Este organismo perteneciente al Ministerio de Fomento asegura, de hecho, que no resolverá a favor del estudio de alternativas hasta que «se justifique técnicamente la viabilidad» del corredor previsto entre la ZALIA y la AS-II (antigua carretera a Oviedo, ahora convertida en Autovía de la Industria). Pide también que se considere la posibilidad de «liberar los terrenos afectados de la plataforma de la A-8», alejando el trazado de los accesos que comunicarán la zona logística con El Montico y el polígono de La Peñona.
Dado que la A-8 es de competencia estatal, cualquier posible afección requiere la autorización del Ministerio de Fomento. Si ya se ha aprobado la declaración de impacto ambiental de las distintas alternativas, independientemente de las objeciones formuladas por la Demarcación de Carreteras, es porque «no se hace ningún tipo de observación de carácter medioambiental», según explica el Principado, y «los aspectos técnicos serán objeto de un estudio más concreto en el proyecto de construcción».

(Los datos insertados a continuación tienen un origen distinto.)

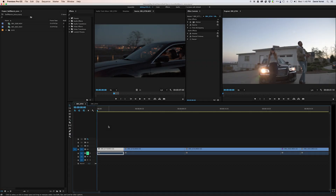Today I'm going to do another tutorial on color grading directly in Premiere Pro. I've done one of these tutorials before, but that was with Premiere Pro CS6, and this is going to be with Premiere Pro CC 2015.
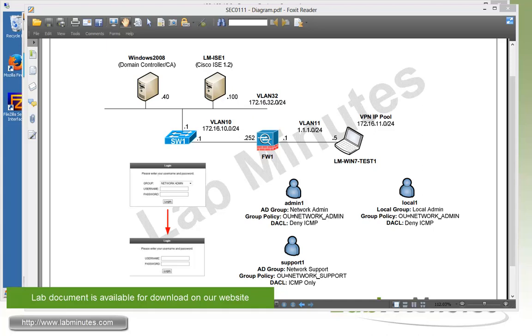Welcome to LabMist.com and our lab video series on Cisco ISE 1.2. You can find a complete list of ISE videos on our website by clicking on the link above and sign up for our newsletters to receive the latest video updates.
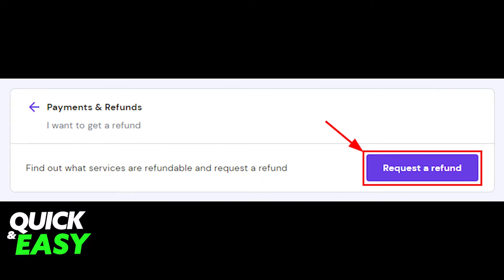To request a refund, go to the Hostinger help page and choose Payment and Refunds. Afterwards, select I want to get a refund and click the purple Request a Refund button.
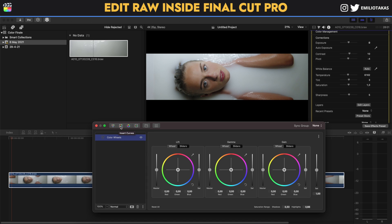If you click 'Edit Layers' and go to color wheels or curves, you'll see a lot of tools that are very close to what DaVinci Resolve has to offer in color grading, making the color grading process even easier. Probably in the near future, I will have a dedicated video just for the Color Finale plugin.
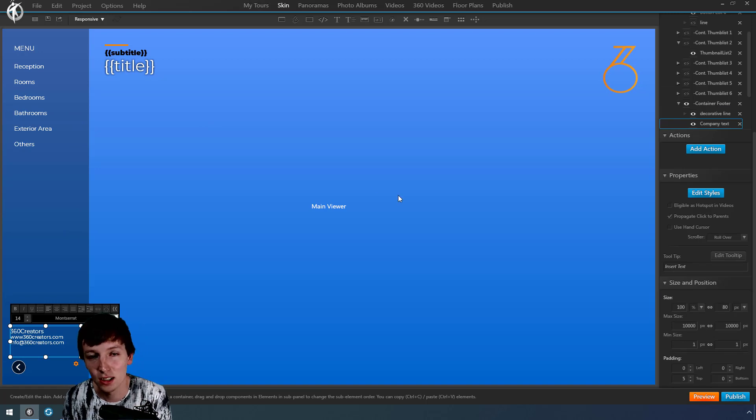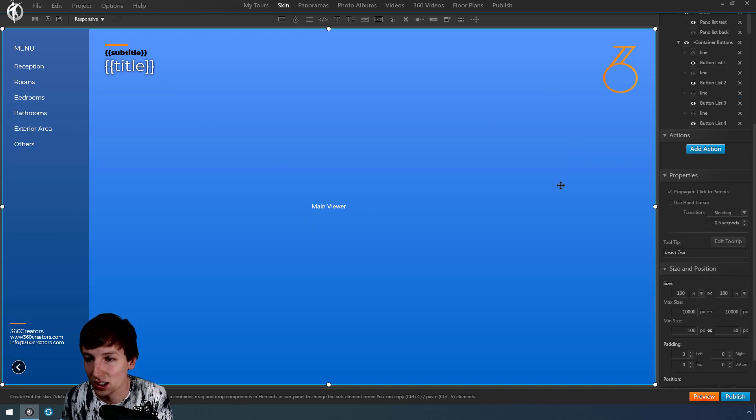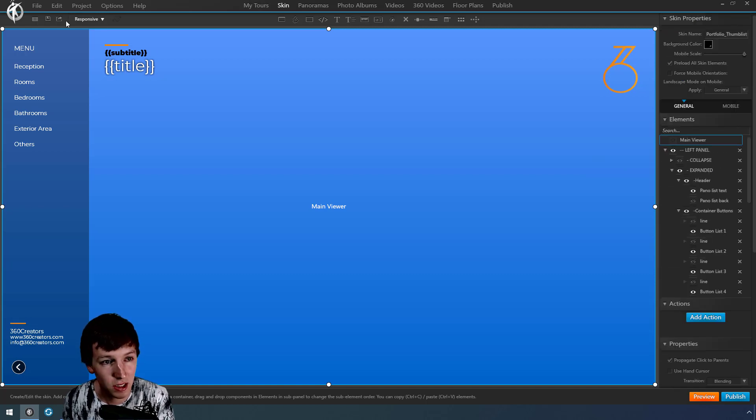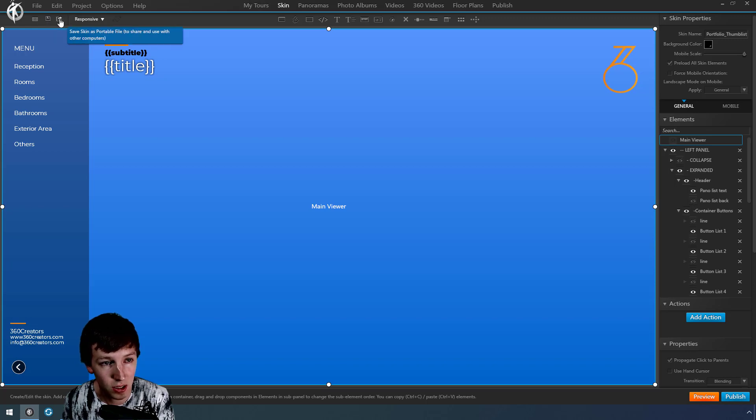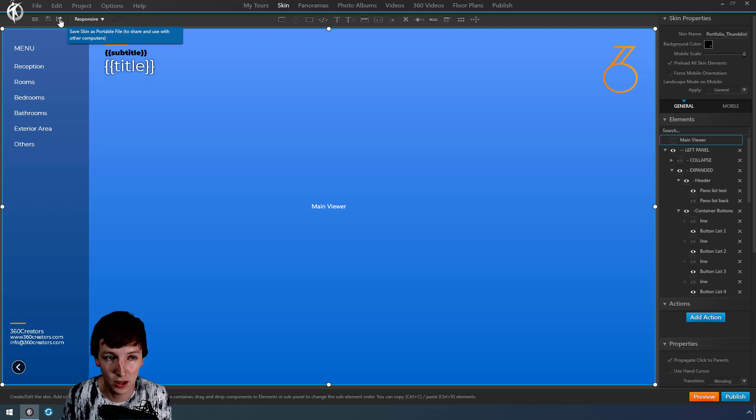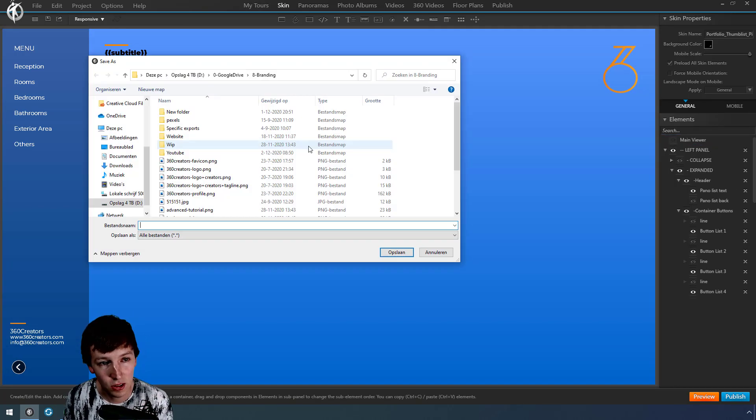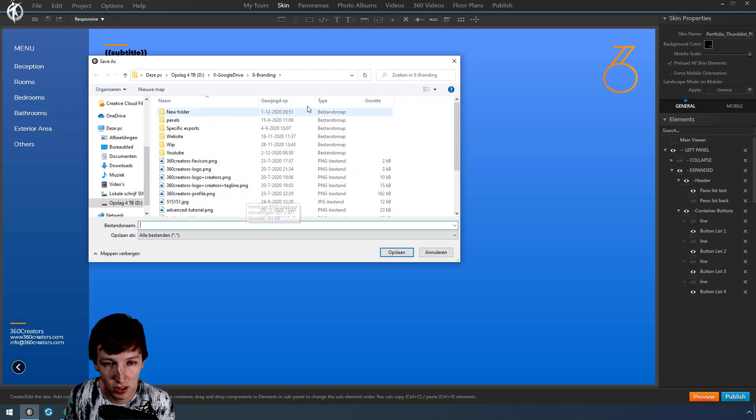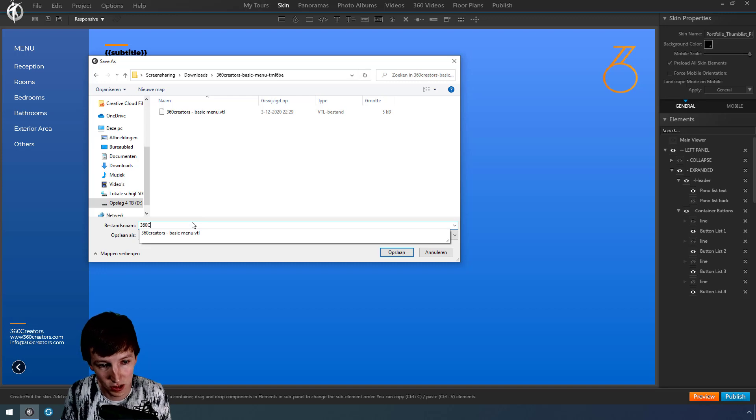To export the skin, basically what you do is you can just save it to your own, but you can also save it as a portable file, which means you can put it on the 3D Vista market or share it with your colleagues. So let's do that. I call this 360 Greatest Skin. Save.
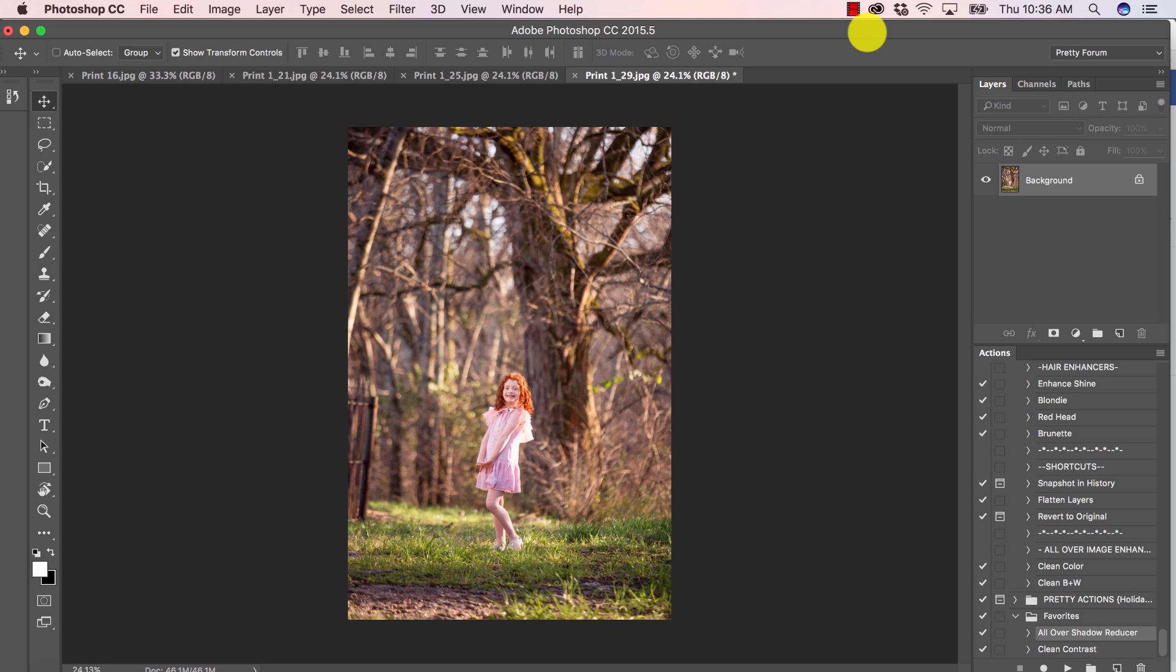If you want to know how to blur the background of your image and add that gorgeous natural looking depth of field the right way in Photoshop CC, then this is definitely the tutorial for you.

El «Boletín Oficial del Principado de Asturias» (BOPA) publicaba ayer el documento que otorga viabilidad ambiental a una actuación que pondrá en servicio tres nuevos tramos de autovía. Estos tres ramales, que suman 12 kilómetros, conectarán los cuatro millones de metros cuadrados de la zona logística con la Autovía del Cantábrico, la autopista «Y», el puerto de El Musel, los polígonos de Tremañes y el área industrial del centro de Asturias. Según el BOPA, la ejecución del proyecto deberá iniciarse en un plazo máximo de cinco años. De no ser así, la declaración de impacto «perderá eficacia». Los trabajos de la primera fase de la ZALIA, localizada en San Andrés de los Tacones, empezarán este año.